=== Begin Enclosure ===
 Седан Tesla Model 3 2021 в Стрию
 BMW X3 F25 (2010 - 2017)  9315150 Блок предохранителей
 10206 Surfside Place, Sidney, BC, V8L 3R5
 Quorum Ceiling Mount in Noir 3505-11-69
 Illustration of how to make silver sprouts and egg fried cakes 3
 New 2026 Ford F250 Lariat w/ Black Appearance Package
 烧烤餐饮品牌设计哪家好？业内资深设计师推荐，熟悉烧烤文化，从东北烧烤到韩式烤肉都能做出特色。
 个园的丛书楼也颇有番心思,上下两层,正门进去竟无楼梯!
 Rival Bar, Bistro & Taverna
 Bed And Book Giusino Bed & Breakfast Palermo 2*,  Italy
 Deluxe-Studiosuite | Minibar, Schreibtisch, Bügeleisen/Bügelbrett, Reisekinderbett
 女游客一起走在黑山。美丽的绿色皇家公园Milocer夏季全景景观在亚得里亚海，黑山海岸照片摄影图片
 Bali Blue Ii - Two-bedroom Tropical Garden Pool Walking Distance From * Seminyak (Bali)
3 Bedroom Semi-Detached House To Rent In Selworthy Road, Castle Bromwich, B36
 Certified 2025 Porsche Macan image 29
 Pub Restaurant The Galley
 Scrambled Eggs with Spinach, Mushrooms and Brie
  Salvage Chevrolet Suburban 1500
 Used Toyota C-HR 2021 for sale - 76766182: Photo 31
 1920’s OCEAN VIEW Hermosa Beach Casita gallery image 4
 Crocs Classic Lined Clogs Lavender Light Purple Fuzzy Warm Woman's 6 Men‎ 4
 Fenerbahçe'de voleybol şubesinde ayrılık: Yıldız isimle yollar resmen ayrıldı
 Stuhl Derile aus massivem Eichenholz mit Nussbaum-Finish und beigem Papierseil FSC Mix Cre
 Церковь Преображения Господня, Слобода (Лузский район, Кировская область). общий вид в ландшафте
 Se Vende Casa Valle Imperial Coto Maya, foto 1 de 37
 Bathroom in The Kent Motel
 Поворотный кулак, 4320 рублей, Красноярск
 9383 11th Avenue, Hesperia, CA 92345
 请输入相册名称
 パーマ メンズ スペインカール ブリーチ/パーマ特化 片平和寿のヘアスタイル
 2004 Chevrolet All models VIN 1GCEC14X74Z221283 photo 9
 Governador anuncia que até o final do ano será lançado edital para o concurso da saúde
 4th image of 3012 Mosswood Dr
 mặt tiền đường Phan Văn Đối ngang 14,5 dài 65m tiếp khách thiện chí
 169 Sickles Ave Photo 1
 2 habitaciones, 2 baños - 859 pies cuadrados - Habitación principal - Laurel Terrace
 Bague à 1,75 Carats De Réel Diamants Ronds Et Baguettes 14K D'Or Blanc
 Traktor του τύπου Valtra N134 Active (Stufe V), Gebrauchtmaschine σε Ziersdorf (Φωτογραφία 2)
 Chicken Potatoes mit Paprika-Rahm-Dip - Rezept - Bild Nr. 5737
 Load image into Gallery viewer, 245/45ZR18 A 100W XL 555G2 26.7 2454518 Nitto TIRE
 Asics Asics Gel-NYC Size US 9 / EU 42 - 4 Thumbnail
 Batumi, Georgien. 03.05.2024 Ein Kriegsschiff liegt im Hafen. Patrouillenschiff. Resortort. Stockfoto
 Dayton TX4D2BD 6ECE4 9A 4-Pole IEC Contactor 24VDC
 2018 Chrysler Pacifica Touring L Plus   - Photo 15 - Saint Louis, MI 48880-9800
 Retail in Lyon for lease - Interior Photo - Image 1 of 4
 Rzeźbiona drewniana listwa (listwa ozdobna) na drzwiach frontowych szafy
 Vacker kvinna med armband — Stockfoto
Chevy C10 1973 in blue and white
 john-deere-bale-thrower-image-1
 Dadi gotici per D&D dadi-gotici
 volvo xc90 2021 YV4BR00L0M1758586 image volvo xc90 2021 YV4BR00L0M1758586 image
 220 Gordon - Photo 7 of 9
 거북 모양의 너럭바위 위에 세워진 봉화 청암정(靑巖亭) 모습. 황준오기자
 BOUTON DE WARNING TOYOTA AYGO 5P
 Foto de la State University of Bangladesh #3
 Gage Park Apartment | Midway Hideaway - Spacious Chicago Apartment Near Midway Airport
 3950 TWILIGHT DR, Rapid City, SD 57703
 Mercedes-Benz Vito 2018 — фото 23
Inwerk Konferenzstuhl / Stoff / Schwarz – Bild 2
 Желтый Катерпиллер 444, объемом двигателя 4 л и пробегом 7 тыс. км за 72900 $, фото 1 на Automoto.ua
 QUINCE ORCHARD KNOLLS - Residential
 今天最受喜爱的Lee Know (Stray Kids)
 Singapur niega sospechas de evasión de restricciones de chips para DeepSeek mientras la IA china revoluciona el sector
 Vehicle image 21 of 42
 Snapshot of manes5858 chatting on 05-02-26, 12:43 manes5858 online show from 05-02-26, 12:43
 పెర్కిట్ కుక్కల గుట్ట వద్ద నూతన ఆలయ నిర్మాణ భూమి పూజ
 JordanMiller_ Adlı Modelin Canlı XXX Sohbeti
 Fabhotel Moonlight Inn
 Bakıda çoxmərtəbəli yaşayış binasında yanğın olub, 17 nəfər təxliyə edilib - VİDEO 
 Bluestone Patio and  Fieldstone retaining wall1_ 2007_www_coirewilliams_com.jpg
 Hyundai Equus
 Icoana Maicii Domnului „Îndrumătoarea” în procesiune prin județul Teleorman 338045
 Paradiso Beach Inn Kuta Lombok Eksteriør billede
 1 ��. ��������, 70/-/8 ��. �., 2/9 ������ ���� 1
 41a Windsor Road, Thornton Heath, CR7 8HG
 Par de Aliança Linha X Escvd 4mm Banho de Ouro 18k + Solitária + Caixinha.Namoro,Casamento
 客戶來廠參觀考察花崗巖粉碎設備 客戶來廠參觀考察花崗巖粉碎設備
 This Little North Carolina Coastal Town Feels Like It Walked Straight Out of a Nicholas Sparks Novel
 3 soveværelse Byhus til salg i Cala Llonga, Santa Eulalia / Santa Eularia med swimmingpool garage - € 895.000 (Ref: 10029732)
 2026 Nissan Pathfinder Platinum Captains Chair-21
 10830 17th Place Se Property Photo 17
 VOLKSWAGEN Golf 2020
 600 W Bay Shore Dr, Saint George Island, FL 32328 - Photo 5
=== End Enclosure ===
▶ How to complete this task: Check each line of the listing above, and copy it if it contains the word "фото".

▶ Answer space:
 Mercedes-Benz Vito 2018 — фото 23
 Желтый Катерпиллер 444, объемом двигателя 4 л и пробегом 7 тыс. км за 72900 $, фото 1 на Automoto.ua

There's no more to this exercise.